# [BRIEF]
All of the entries below need repeating exactly, apart from their images.

[Captioned web image data]

━━━

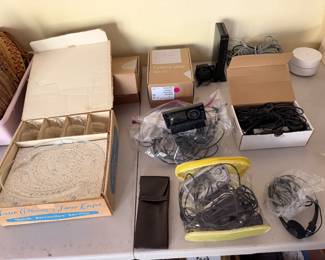 Boxed glass snack plate and cup set, WiFi mesh router and assorted cables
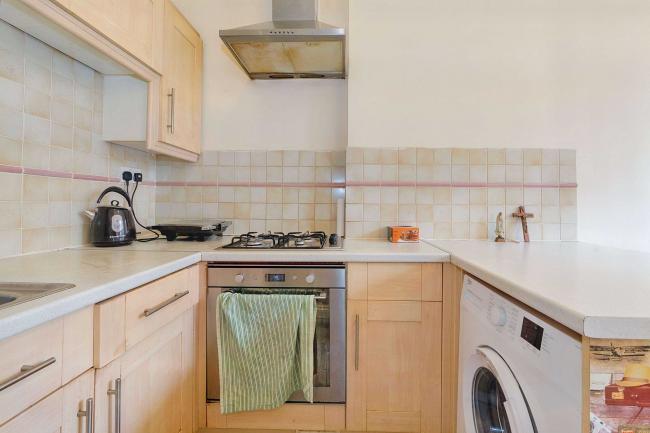Flat 2, 91 Longley Road, Tooting SW17 9LD 7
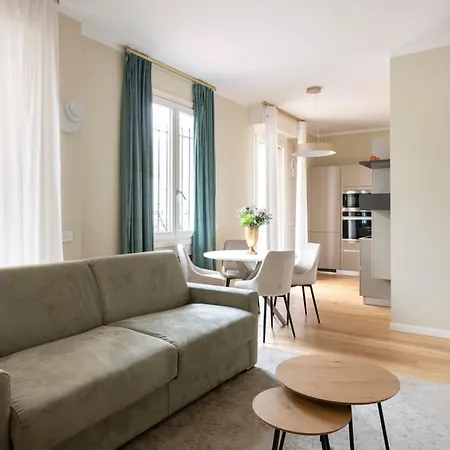 Heart Duomo District Apartment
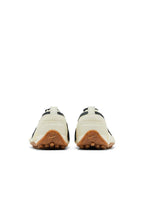 Nike Moon Shoe SP
Jacquemus Alabaster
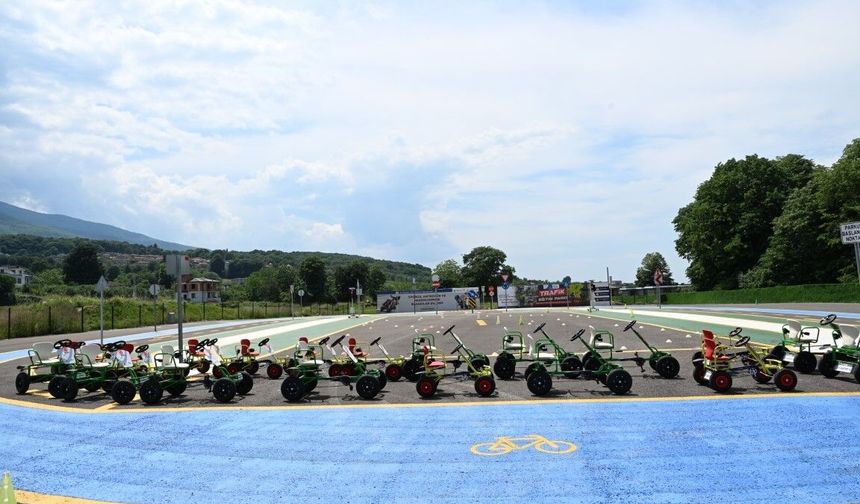 Kartepe'ye modern trafik eğitim parkuru inşa edildi
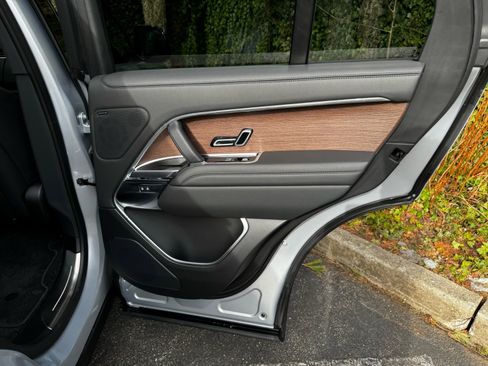Used 2025 Land Rover Range Rover SE image 21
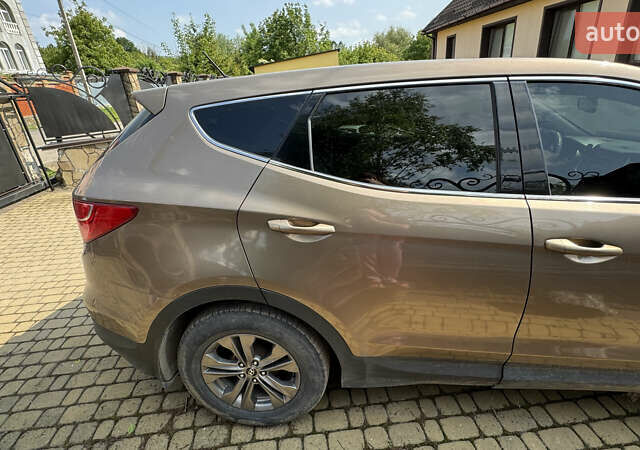 Коричневый Хендай Санта Фе, объемом двигателя 2.2 л и пробегом 109 тыс. км за 16800 $, фото 7 на Automoto.ua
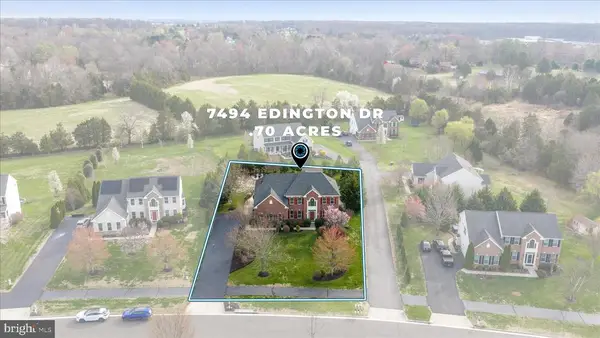 7494 Edington Dr, Warrenton, VA 20187
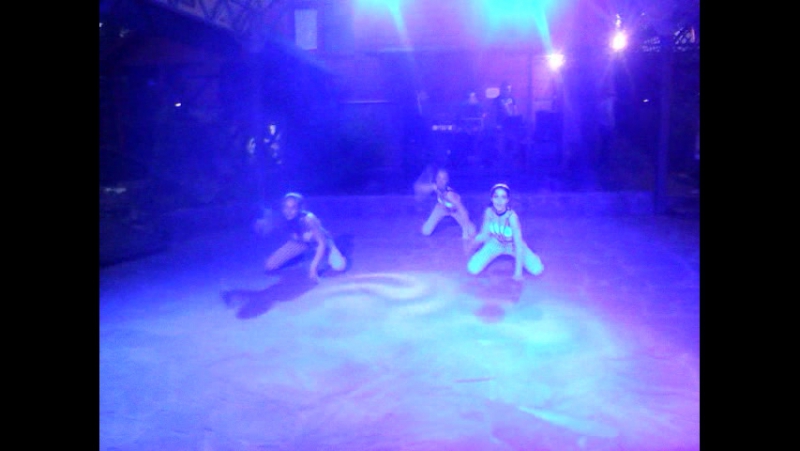Dance Show Red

━━━

# [PROBLEM SOLUTION]
 Boxed glass snack plate and cup set, WiFi mesh router and assorted cables
Flat 2, 91 Longley Road, Tooting SW17 9LD 7
 Heart Duomo District Apartment
 Nike Moon Shoe SP
Jacquemus Alabaster
 Kartepe'ye modern trafik eğitim parkuru inşa edildi
Used 2025 Land Rover Range Rover SE image 21
 Коричневый Хендай Санта Фе, объемом двигателя 2.2 л и пробегом 109 тыс. км за 16800 $, фото 7 на Automoto.ua
 7494 Edington Dr, Warrenton, VA 20187
Dance Show Red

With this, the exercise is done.